Department of Natural Resources director Christopher M. Southwood presented the proposed changes to the selectmen during the board’s meeting on Tuesday, November 5. Mr. Southwood noted three changes made by the state Division of Marine Fisheries in classification to some of the town’s shellfish growing areas.
Little Bay and Mashnee Road, which is the area inside the dike at Phinney’s Harbor, have been reclassified from Approved to Conditionally Approved, he said. Plow Penny Road, which borders Back River, has been changed from Conditionally Approved to Prohibited, he said.
“The state has been testing there constantly for years, but improvement doesn’t seem to be coming in any direction, so they now have it a prohibited area,” he said. “It is a small area, but something we don’t want to see is closed areas.”

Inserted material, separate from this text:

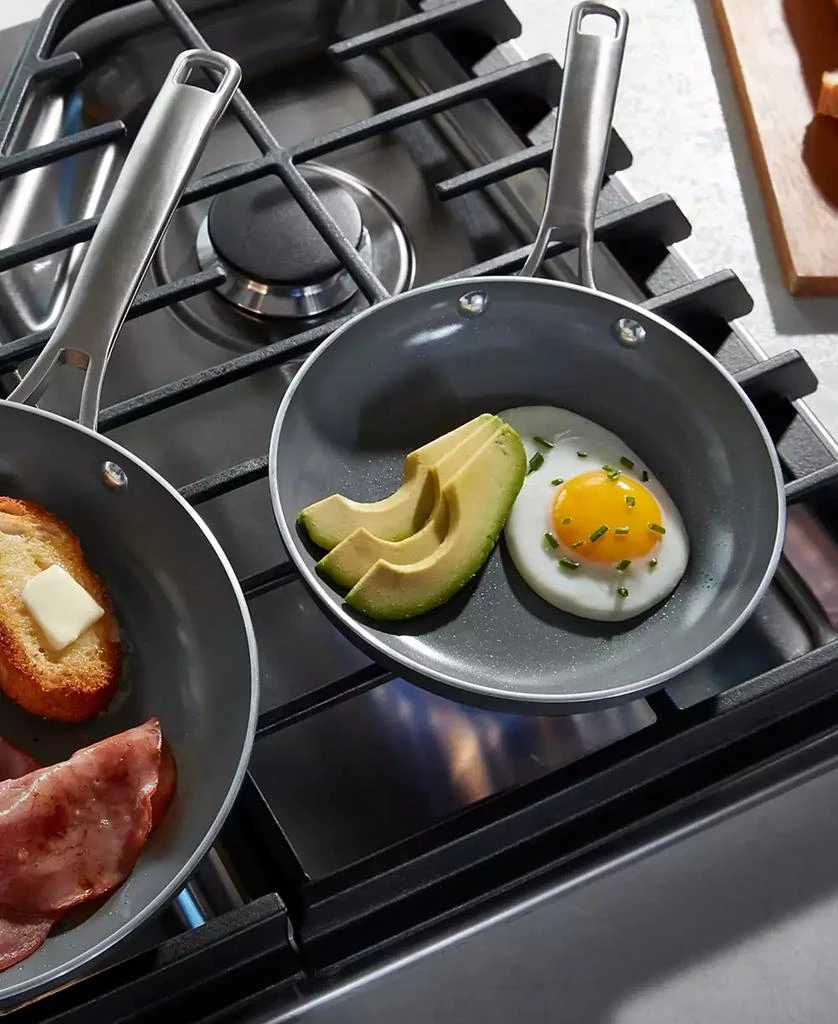 Calphalon Classic Oil Infused Ceramic 12" Fry Pan with Cover 5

Mr. Southwood said that he was approached by several of the commercial fishermen in Bourne about amending the regulations. He said they were “basic things that need to be updated anyway,” since many of the regulations have been in place for 35 years.

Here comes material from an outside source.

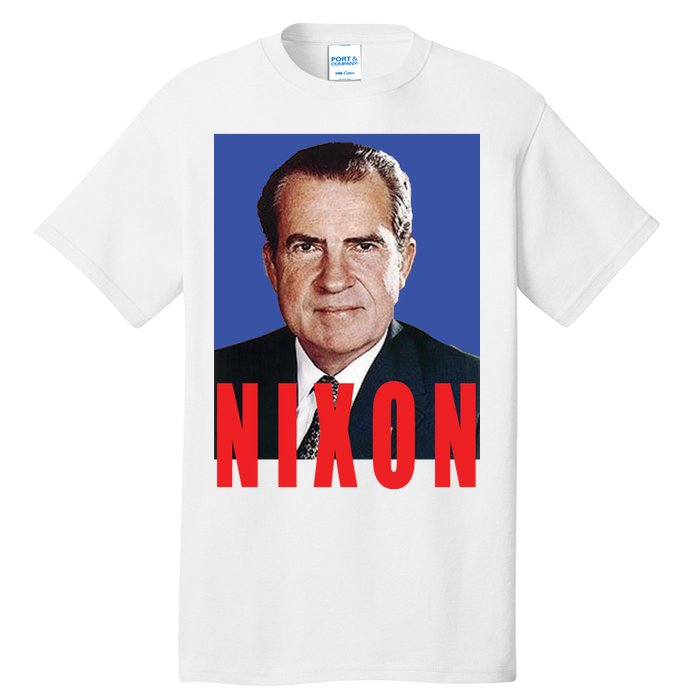 Nixon Poster Tall T-Shirt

He proposed some minor changes to the applicable dates for harvesting shellfish.
Under the town’s current regulations, Daylight Savings Time is listed as March 10 through November 2. The suggested change would make it March 8 through October 31. The period of time when shellfishing is permitted would remain the same, from sunrise to 6 PM.

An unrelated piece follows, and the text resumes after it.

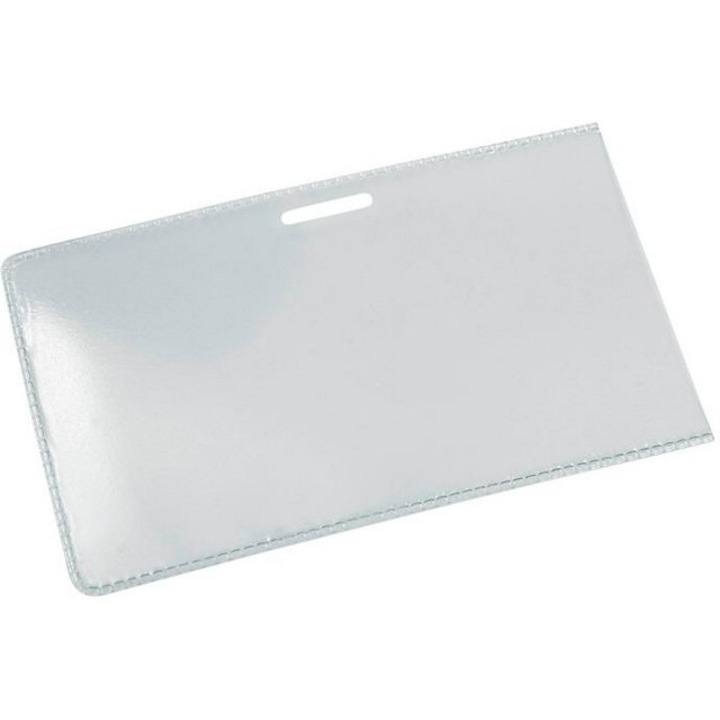 Ecuson plastic, ARGO, 50X86mm, 50buc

Current regulations list Standard Time as November 3 through March 7. The amended time would make it November 1 through March 13. Shellfishing hours, again, would stay the same, sunrise to 4:30 PM.
Mr. Southwood noted that unlike most of the other towns on the Cape, Bourne does not allow shellfishing to take place up to sunset.
The amended regulations also call for a change to the container the town requires shellfishermen to use when harvesting their catch. Regulations specify that commercial permit holders must use “Town of Bourne approved one (1) bushel plastic totes.”
“Think of it as a big milk crate,” Mr. Southwood said. “They’re old, they’re hard to get, they’re expensive.”
He said that most other towns now allow a basket that is still a bushel in measurement, but which is easier to carry, he said.
Mr. Southwood also noted that the shellfish permit fees in the amended regulations would reflect the state’s adoption of The Brave Act. Passed in August, 2018, the Brave Act provides additional support and benefits to military veterans and their families.
Under the provisions of The Brave Act, veterans now cannot be charged more than the residential shellfish permit fee, whether they live in Bourne or not, Mr. Southwood said.
The shellfish permit fee for a non-Bourne resident who lives in Massachusetts is $175. However, someone who lives in, or own taxable real property, in Bourne, pay only $35. The amended regulations allow any veteran living in Massachusetts to pay the resident rate of $35.
In addition, seniors (age 65 years or older) who are residents of Bourne pay $10 for a shellfish permit. Any veteran who is 65 or older and living in Massachusetts will only be charged the senior resident rate of $10.
“It’s the least we can do for somebody that served our country,” Mr. Southwood said.
Mr. Southwood said he needs to have the town’s shellfish regulations approved by the beginning of the new year. Assistant Town Administrator Glenn D. Cannon explained that in order to do that, the board would have to waive its standard three readings before voting on the measures.
The board voted in favor of a motion to vote on the regulations following a second reading at the selectmen’s meeting on Tuesday, December 3.